EXERCISE DETAILS:
The answer is the line containing "1999 Buddy Davis 52 Express 'Miss Josie'" plus every line after it to the end of the material, retyped exactly and without the pictures.

**** SUPPLIED RECORDS ****

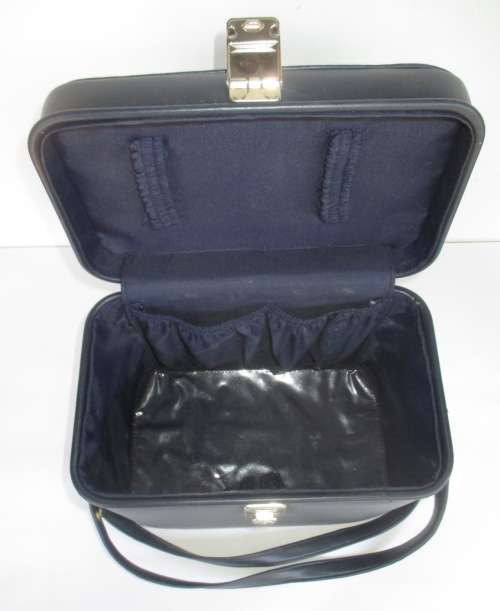 VINTAGE BLUE VANITY CASE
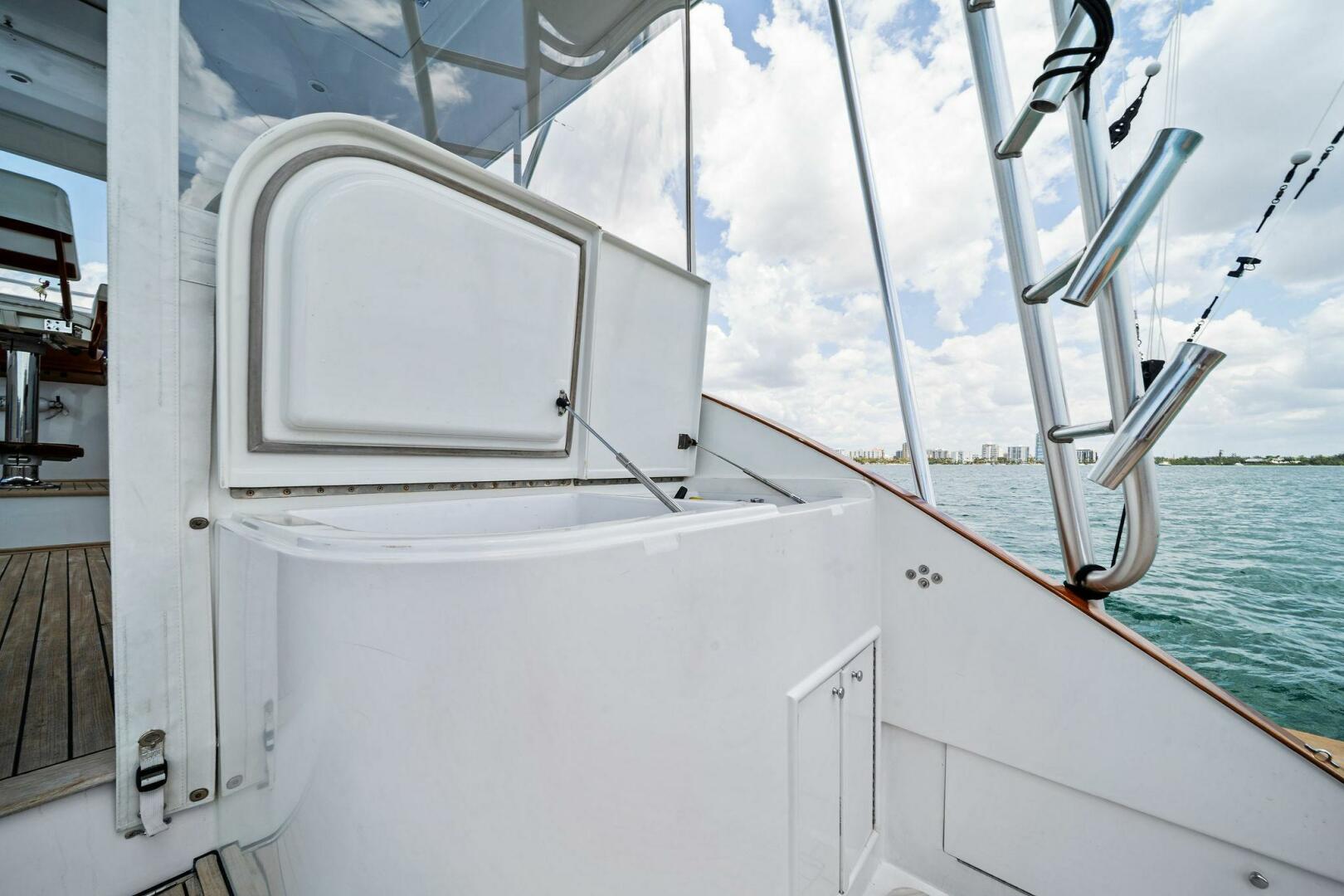 1999 Buddy Davis 52 Express 'Miss Josie'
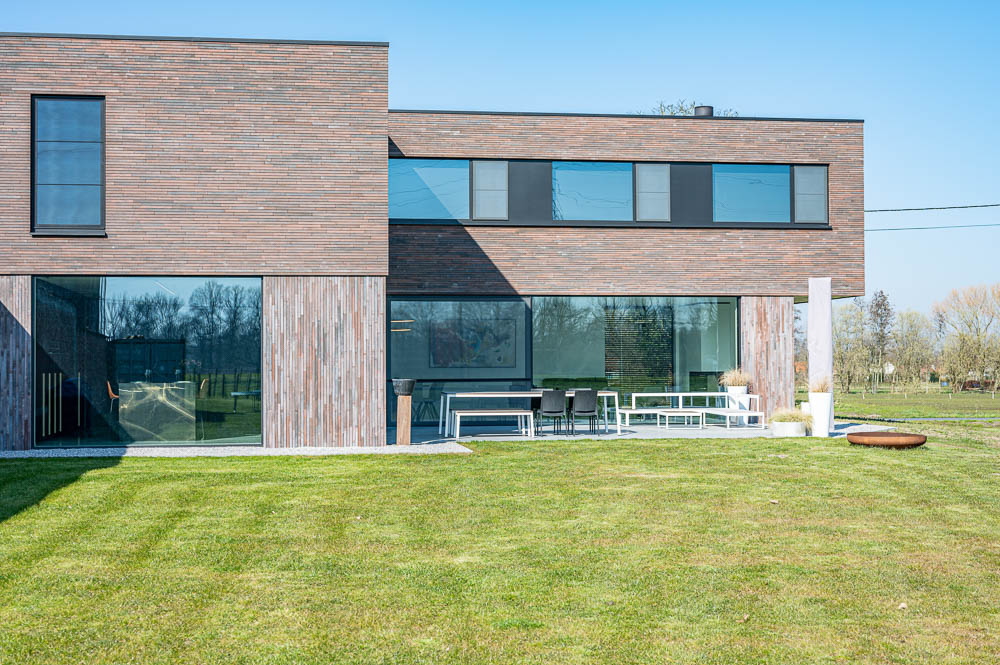Foto van MLIVING Totaalaannemer voor interieur en slimme renovaties in Kruisem, Bouwbedrijf Foto van MLIVING Totaalaannemer voor interieur en slimme renovaties in Kruisem, Bouwbedrijf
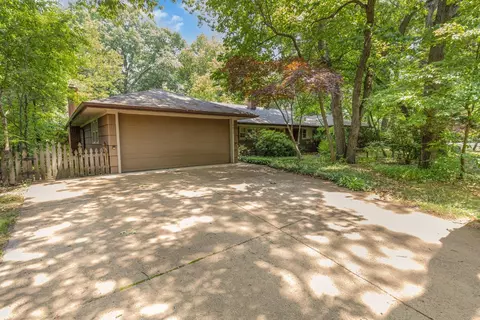 8613 Beech Ave, Munster, IN 46321 photo 52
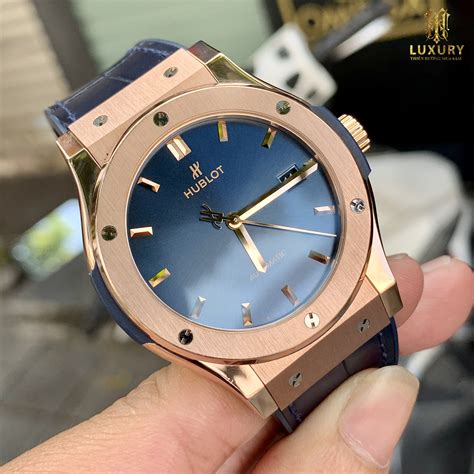 hublot vàng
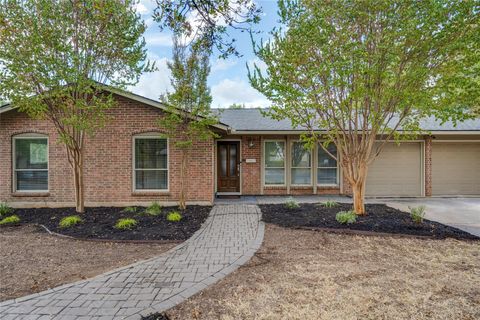 Tiny photo for 5423 Fairmont CIR, Austin, TX 78745 (MLS # 2265905)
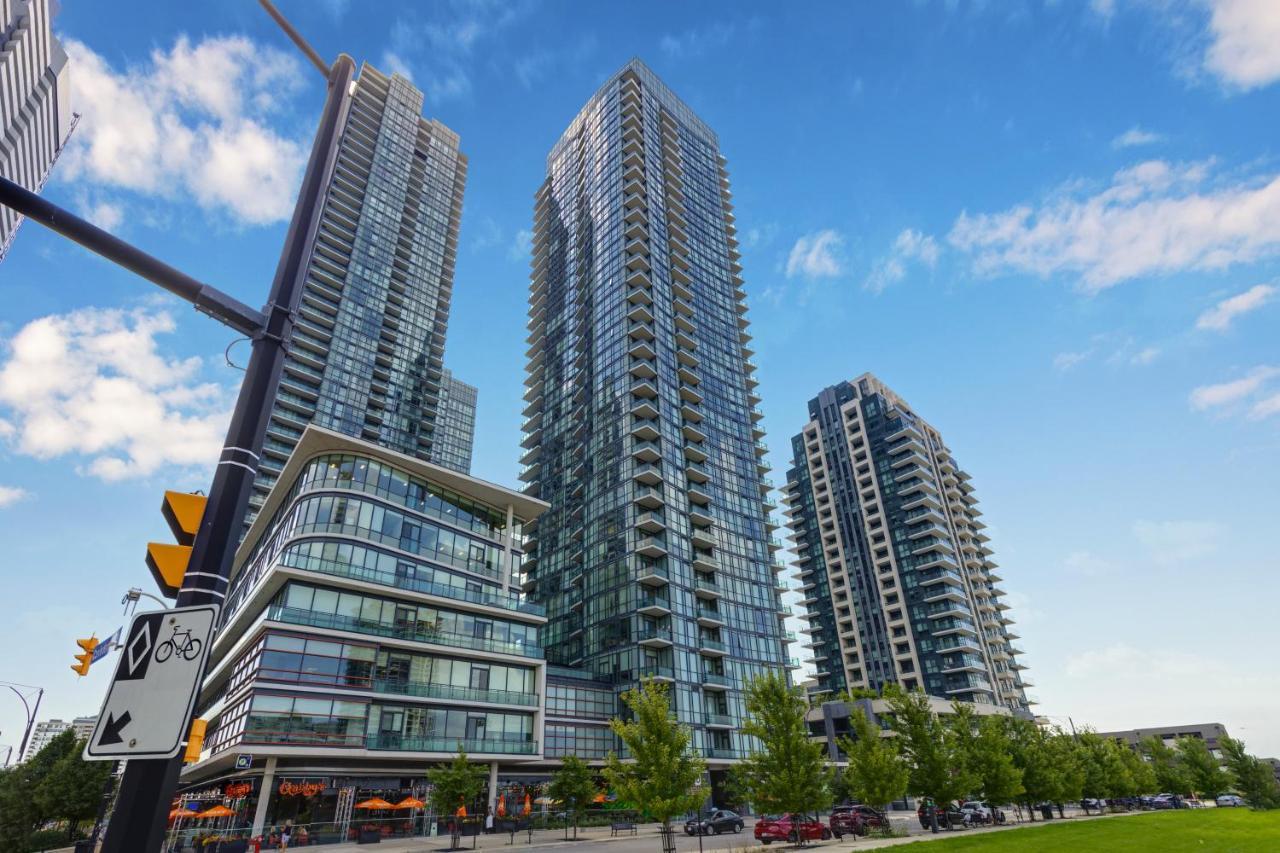 Ultra Luxurious 2.5 Bedroom 2 Full Bathroom 1 Parking Condo Near Sq1 Striking Views Миссиссага Экстерьер фото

****

RESPONSE BELOW:
 1999 Buddy Davis 52 Express 'Miss Josie'
Foto van MLIVING Totaalaannemer voor interieur en slimme renovaties in Kruisem, Bouwbedrijf Foto van MLIVING Totaalaannemer voor interieur en slimme renovaties in Kruisem, Bouwbedrijf
 8613 Beech Ave, Munster, IN 46321 photo 52
 hublot vàng
 Tiny photo for 5423 Fairmont CIR, Austin, TX 78745 (MLS # 2265905)
 Ultra Luxurious 2.5 Bedroom 2 Full Bathroom 1 Parking Condo Near Sq1 Striking Views Миссиссага Экстерьер фото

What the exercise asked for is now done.